Подкупающая откровенность Дмитрия Галковского в «Независимой газете» – прямо взывает к «шестидесятникам»: да умрите вы уже, наконец! Будьте, в самом деле, людьми. Высоцкий умер в сорок два года. Вот это благородный поступок.
Когда-то Чехов через Тригорина мягко обратился к коллегам: «Зачем толкаться? Всем места хватит». Никто, однако, его не услышал. Места никогда не хватает. Старые люди воспринимаются всегда как балласт на корабле. Лишь настоящие мореходы знают по опыту, что кораблю необходима «балластная сила».
Интерлюдия
«Когда погребают эпоху, надгробный псалом не звучит…» Все отдаются во мне скорбным звоном эти ахматовские стихи.

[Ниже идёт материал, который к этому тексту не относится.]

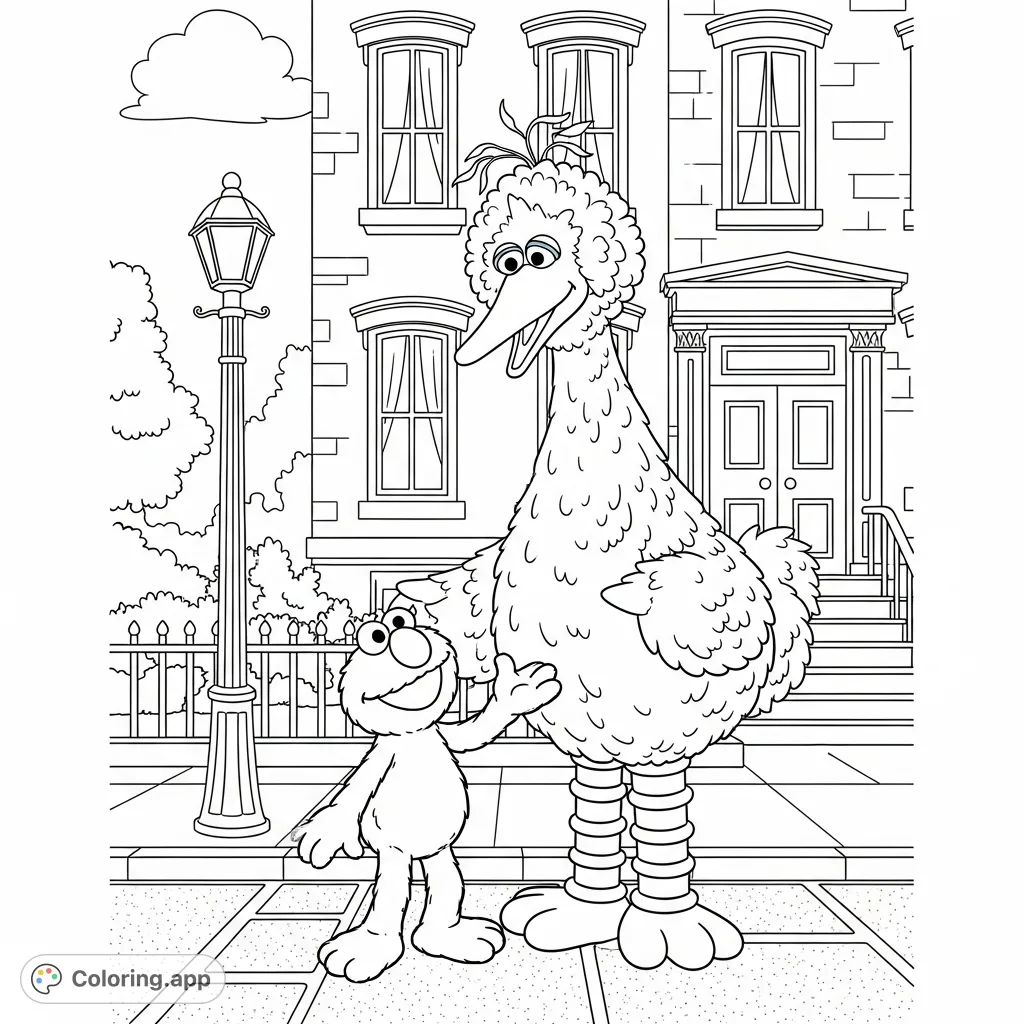 Join Elmo and Big Bird in a delightful Sesame Street scene. This free printable coloring page features the beloved characters smiling together for kids.
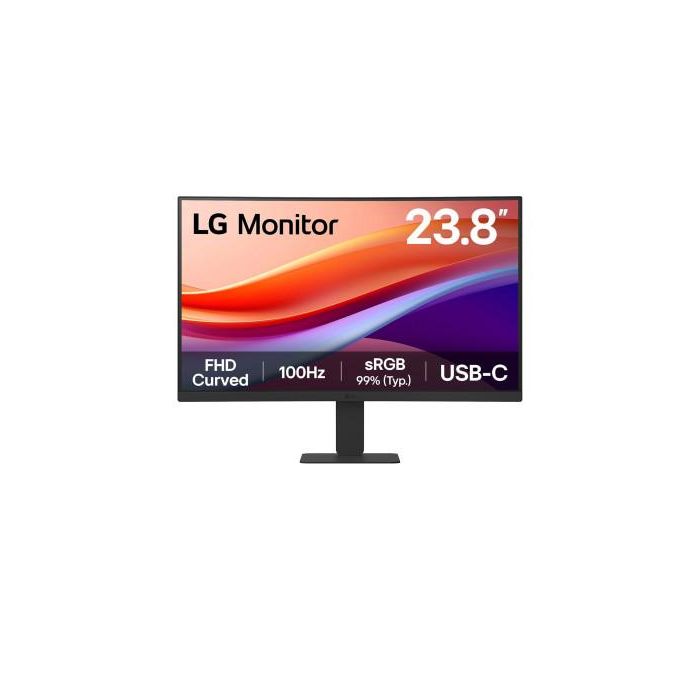 LG 24U421A-B Monitor Curvo 23.8" Full HD 100Hz USB-C (15W) Negro - Panel VA, Modo Lectura, Flicker Safe para Confort Visual LG 24U421A-B Monitor Curvo 23.8" Full HD 100Hz USB-C (15W) Negro - Panel VA, Modo Lectura, Flicker Safe para Confort Visual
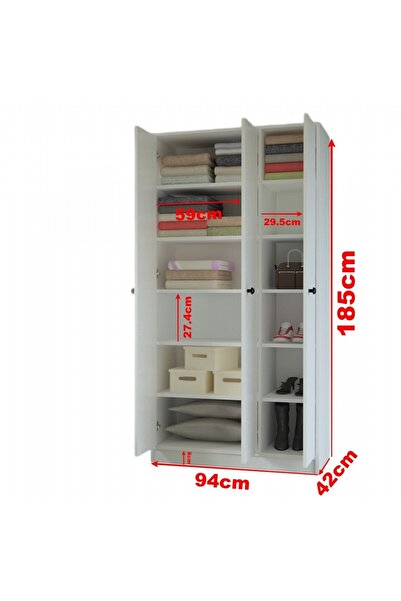 MOBİLİQUE Selimiye 3Kapaklı Raflı Dolap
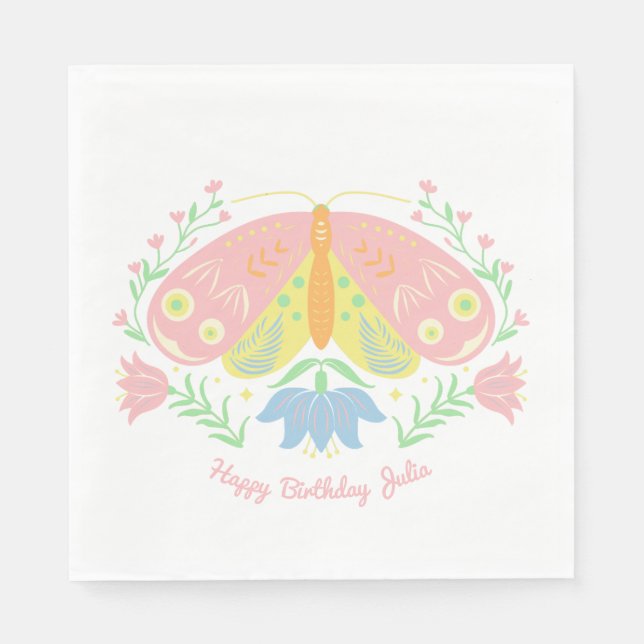 Guardanapo De Papel Boho Butterfly Birthday (Frente)
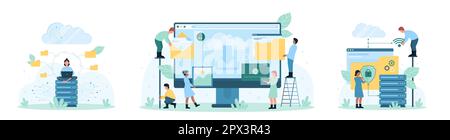 Cloud data storage and security set vector illustration. Cartoon tiny people upload folders and transfer backup files to digital database services, work with server discs and network infrastructure Stock Vector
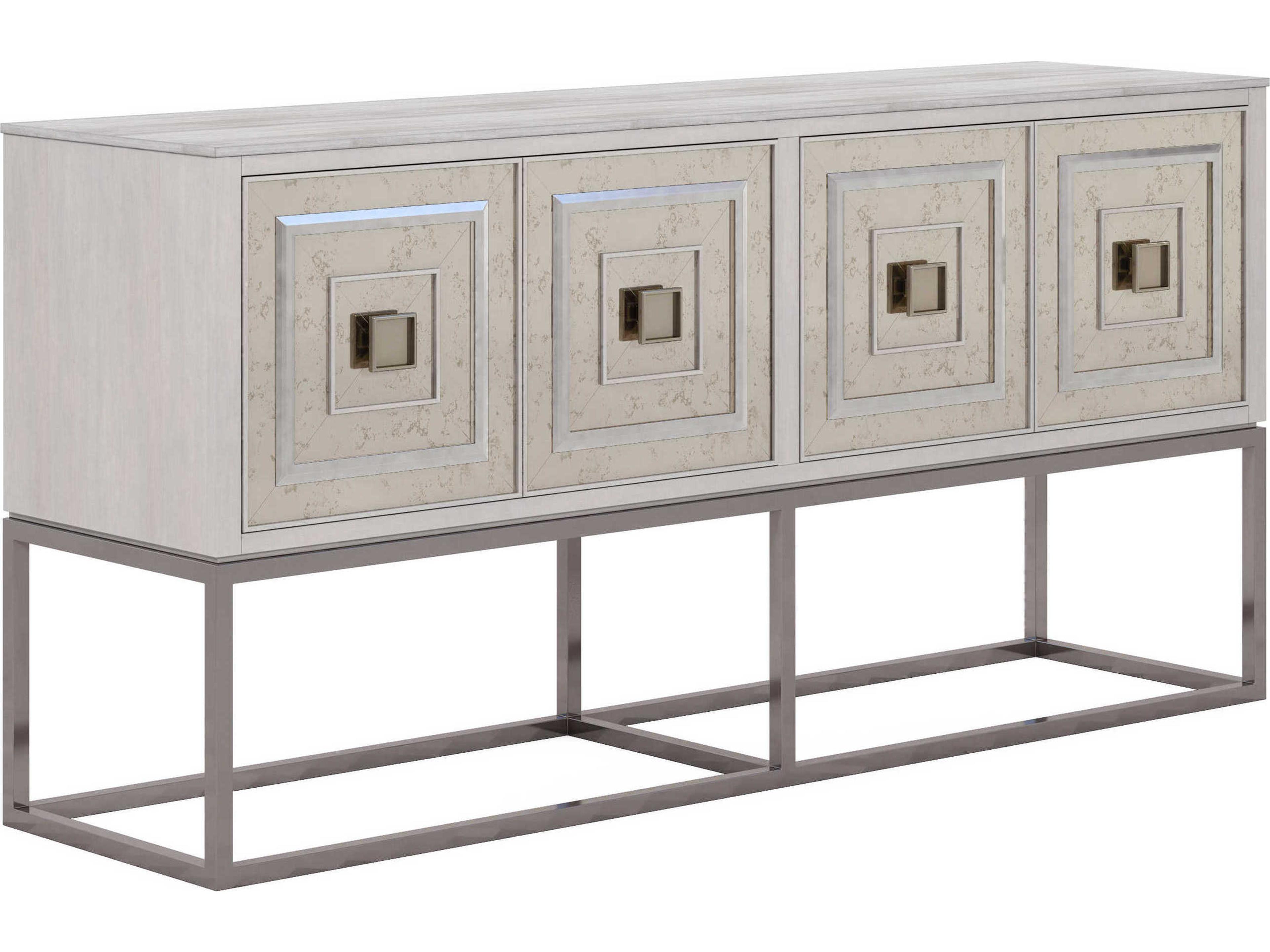 A.R.T. Furniture Mezzanine 74" Poplar Wood Dove Gray Media Console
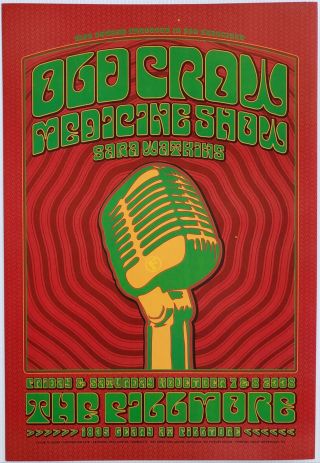 Old Crow Medicine Show Poster W/ Sara Watkins 2006 Fillmore Concert Poster F - 978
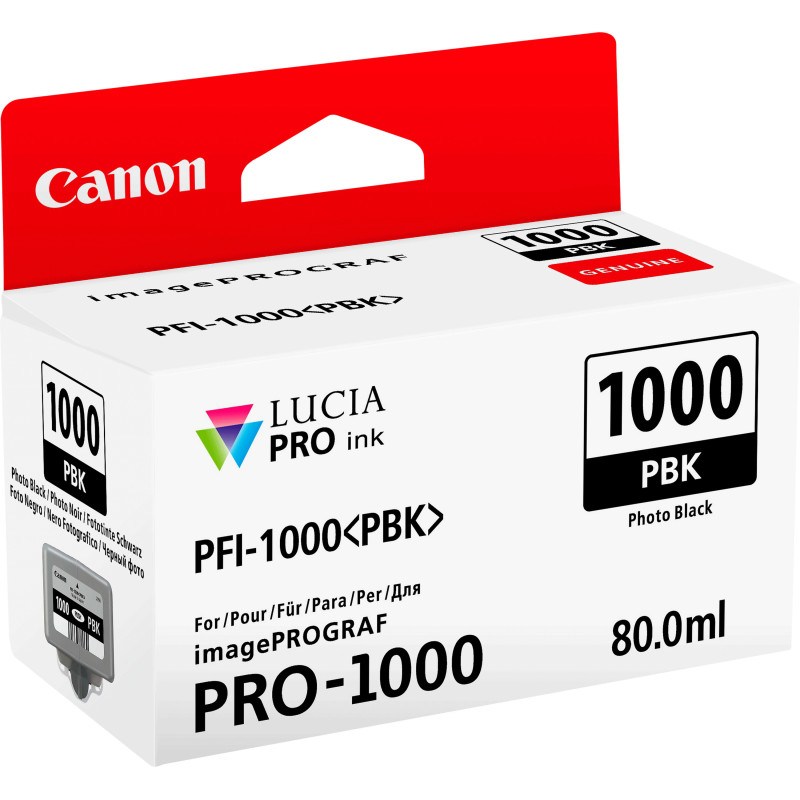 Cartouche d'encre Canon d'origine PFI-1000PBK Noir photo (0546C001AA)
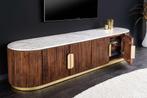 Design TV-bord GATSBY 170 cm Bruin Goud Mangohout Wit, Ophalen of Verzenden, Nieuw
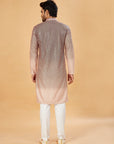 Green ombre kurta with pink embroidery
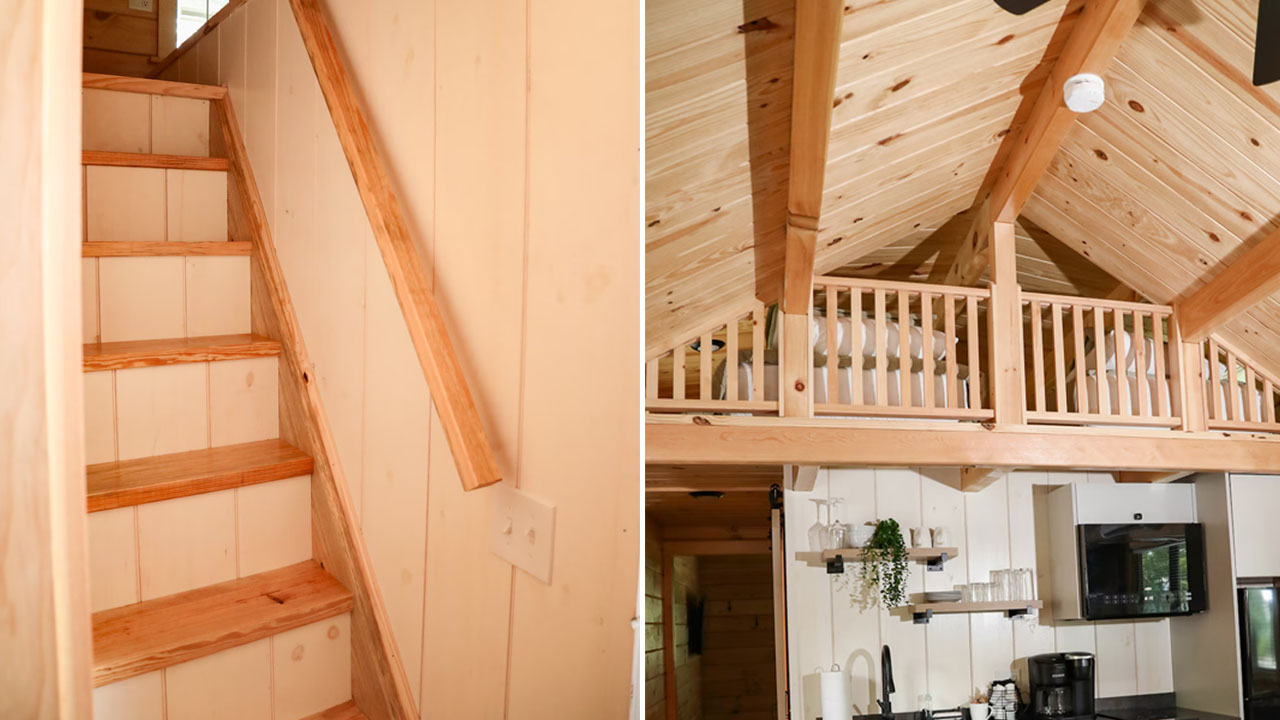 Aspen Tiny House- staircase leads towards loft bedroom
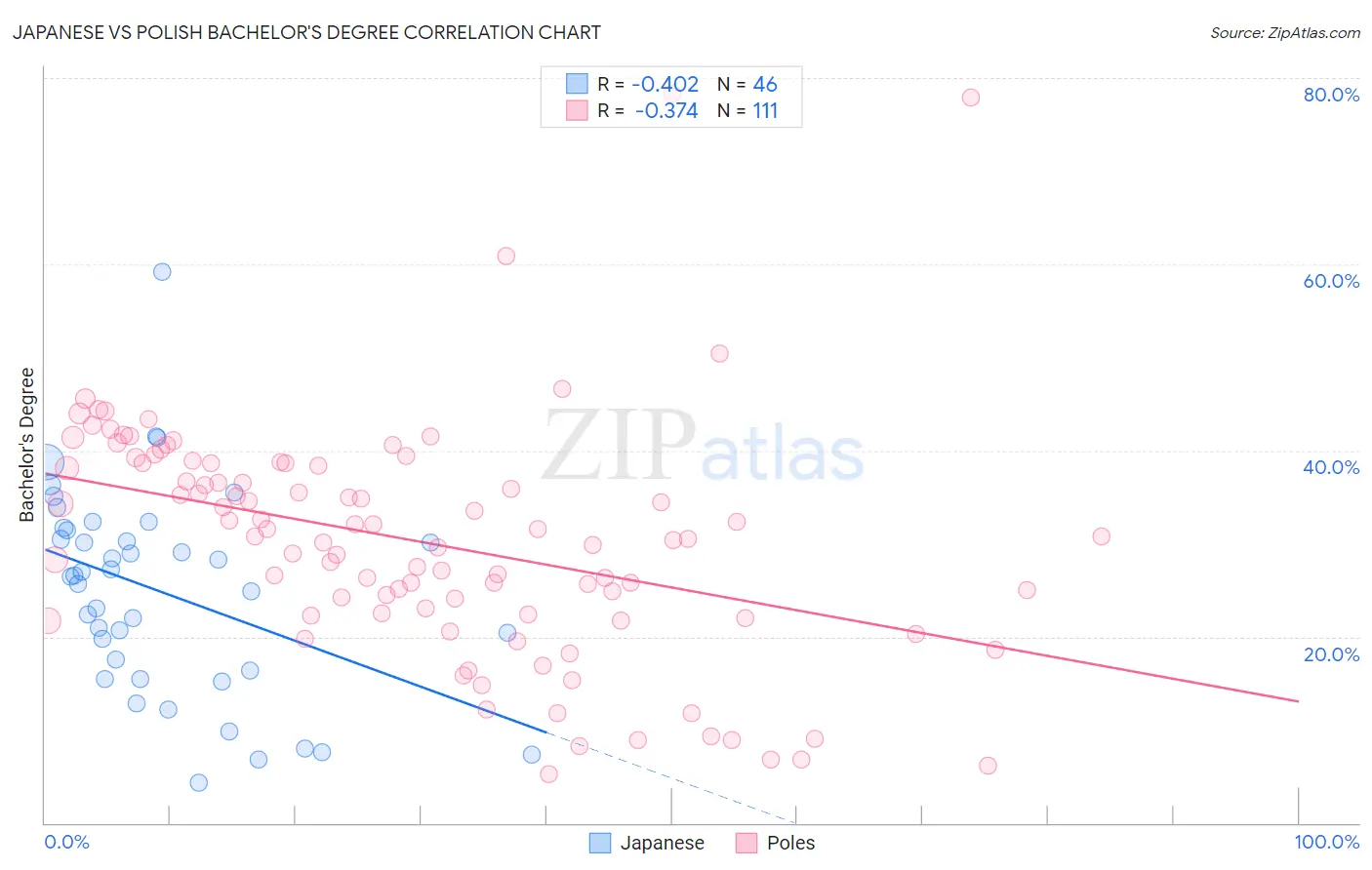 Japanese vs Polish Bachelor's Degree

К празднику семидесятилетия Театр Вахтангова решил возродить свой символ, вахтанговскую «Чайку», свою покровительницу «Турандот». Это само по себе понятно, но был еще и тонкий намек – виделась некая новая связь между обоими спектаклями – тем, давним, и нынешним, юбилейным. И правда, так ли уж мало общего? Вновь за стенами уютного зала со свистом, надсадно дышит Москва, гудит Арбат, притворяющийся Монмартром, вновь нищенство, сквозняк по стране, и горяча еще, не застыла, только что пролитая кровь.
И как же всем тем, кто сюда явился, не отозваться на первый же звук волшебной мелодии Сизова и не войти с превеликой охотой в изящный незатейливый вымысел, легкий, как кружевная накидка? Туда, где Калаф, рискуя всем, разгадывает загадки любимой?
Но эта напрашивающаяся параллель между обеими премьерами была не менее иллюзорной, чем миф о фаустовском преображеньи.
Прежде всего, иным был зал. Тот, семь десятилетий назад, в еще не перестроенном здании, заполнен был другими людьми. Они уцелели после двух войн, уже привыкли к пляске над бездной, привыкли и к своей нищете, несли ее на своих плечах, словно дырявый плащ поэта, с веселой гордостью, с неким вызовом. Бедность была свободой и равенством и, кроме этого, знаком надбытности. Люди эти в своем большинстве были молоды, жарки, хотели любить, хотели творить и добиваться. Воздух был напоен надеждой, а победившая революция – романтическим очарованием. Все начиналось, и все приблизилось – «иная жизнь и берег дальний».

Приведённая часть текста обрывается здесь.